The Best Science Fiction Stories and Novels: Ninth Series
- Dust-jacket from the first edition
- Author: edited by T. E. Dikty
- Cover artist: J. May
- Language: English
- Genre: Science fiction
- Publisher: Advent
- Publication date: 1958
- Publication place: United States
- Media type: Print (hardback)
- Pages: 258 pp

= The Best Science Fiction Stories and Novels: Ninth Series =

1958 anthology edited by T. E. Dikty

The Best Science Fiction Stories and Novels: Ninth Series is a 1958 anthology of science fiction short stories edited by T. E. Dikty.
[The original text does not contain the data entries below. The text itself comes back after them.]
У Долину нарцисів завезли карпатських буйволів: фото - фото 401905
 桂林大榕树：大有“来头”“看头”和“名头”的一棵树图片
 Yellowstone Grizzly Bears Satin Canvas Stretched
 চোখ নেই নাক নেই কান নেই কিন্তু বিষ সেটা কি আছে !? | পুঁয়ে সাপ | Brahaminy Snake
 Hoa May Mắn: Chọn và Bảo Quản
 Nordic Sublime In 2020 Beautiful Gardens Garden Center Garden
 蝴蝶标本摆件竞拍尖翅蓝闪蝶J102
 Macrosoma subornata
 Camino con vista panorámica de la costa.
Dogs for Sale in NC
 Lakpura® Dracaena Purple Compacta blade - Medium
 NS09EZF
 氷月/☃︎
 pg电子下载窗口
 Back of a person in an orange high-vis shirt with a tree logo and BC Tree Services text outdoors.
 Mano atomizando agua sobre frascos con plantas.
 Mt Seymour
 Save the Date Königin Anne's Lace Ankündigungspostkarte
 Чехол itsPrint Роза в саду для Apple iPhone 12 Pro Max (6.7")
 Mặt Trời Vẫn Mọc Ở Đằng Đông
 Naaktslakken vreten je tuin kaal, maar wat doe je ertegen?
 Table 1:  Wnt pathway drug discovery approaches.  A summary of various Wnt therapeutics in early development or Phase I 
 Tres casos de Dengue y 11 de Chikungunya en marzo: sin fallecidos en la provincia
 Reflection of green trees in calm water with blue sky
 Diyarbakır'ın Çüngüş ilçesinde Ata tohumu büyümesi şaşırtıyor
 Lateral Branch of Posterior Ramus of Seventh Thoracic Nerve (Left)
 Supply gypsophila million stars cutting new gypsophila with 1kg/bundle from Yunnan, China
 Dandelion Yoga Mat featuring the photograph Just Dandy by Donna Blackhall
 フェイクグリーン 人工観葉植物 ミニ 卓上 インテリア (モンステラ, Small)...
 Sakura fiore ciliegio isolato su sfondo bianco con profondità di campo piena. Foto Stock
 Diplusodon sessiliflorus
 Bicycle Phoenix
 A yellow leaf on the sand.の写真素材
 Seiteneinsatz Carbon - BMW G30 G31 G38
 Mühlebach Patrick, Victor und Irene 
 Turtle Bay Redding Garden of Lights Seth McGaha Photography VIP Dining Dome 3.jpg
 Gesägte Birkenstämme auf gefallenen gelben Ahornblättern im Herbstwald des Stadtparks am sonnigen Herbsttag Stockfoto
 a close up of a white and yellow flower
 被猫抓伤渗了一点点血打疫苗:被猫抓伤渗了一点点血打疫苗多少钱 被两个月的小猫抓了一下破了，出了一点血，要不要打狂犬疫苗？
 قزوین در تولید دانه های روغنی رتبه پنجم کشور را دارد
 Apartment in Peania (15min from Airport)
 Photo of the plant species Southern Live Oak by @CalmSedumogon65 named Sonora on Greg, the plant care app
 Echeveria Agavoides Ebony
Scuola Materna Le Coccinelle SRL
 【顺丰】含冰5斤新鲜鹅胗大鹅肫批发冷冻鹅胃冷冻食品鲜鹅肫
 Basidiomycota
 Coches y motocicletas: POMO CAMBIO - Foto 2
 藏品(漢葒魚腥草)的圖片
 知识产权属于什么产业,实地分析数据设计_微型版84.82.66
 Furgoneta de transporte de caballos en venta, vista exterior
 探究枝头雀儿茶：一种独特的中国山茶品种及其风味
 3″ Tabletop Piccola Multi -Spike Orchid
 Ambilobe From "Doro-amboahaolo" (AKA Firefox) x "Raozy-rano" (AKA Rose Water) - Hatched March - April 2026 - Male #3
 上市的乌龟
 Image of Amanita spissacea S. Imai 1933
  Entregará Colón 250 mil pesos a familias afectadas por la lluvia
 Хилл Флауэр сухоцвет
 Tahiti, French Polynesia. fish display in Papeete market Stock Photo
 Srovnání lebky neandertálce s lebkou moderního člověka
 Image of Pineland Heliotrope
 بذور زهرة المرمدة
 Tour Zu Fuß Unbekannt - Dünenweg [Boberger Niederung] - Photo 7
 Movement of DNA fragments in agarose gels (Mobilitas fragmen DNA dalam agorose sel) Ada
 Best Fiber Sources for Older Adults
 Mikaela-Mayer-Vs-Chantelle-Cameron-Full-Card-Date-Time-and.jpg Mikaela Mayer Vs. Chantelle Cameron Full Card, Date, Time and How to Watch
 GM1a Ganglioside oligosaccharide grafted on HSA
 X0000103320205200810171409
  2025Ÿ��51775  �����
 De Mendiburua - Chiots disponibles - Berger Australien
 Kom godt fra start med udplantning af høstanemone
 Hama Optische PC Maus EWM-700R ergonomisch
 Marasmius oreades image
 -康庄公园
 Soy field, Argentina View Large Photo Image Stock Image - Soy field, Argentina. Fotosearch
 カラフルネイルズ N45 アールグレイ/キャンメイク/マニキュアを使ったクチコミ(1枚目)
The stories had originally appeared in 1956 and 1957 in the magazines Astounding, If, Fantasy and Science Fiction, Venture Science Fiction Magazine, Satellite and Science Fiction Stories.

==Contents==

- The Science-Fiction Year, by T. E. Dikty
- "2066: Election Day, by Michael Shaara
- "The Mile-Long Spaceship, by Kate Wilhelm
- "The Last Victory, by Tom Godwin
- "Call Me Joe, by Poul Anderson
- "Didn’t He Ramble, by Chad Oliver
- "The Queen’s Messenger, by John J. McGuire
- "The Other People, by Leigh Brackett
- "Into Your Tent I’ll Creep, by Eric Frank Russell
- "Nor Dust Corrupt, by James V. McConnell
- "Nightsound, by Algis Budrys
- "The Tunesmith, by Lloyd Biggle, Jr.
- "Hunting Machine, by Carol Emshwiller
- The Science-Fiction Book Index, by Earl Kemp

==Reception==
Anthony Boucher unhappily dismissed this anthology as an "assembly of the tedious, trite and ill-reasoned," excepting only Anderson's story as "firstrate" and the short pieces from Emshwiller, Oliver and Russell as "good (if far from 'best')". Damon Knight singled out the Anderson and Emshwiller stories as "first-rate," dismissing the remainder as "mostly dead-level puzzles of melodramas, each one grayly blending into a hundred similar stories you have read and mildly enjoyed."